YOUR INSTRUCTIONS ::
The answer is to be all of the data below, reproduced exactly.

DATA BLOCK ::
************

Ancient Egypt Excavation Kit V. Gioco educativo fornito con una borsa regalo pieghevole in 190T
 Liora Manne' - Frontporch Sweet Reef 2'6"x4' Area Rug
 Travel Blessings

************

WRITTEN ANSWER ::
Ancient Egypt Excavation Kit V. Gioco educativo fornito con una borsa regalo pieghevole in 190T
 Liora Manne' - Frontporch Sweet Reef 2'6"x4' Area Rug
 Travel Blessings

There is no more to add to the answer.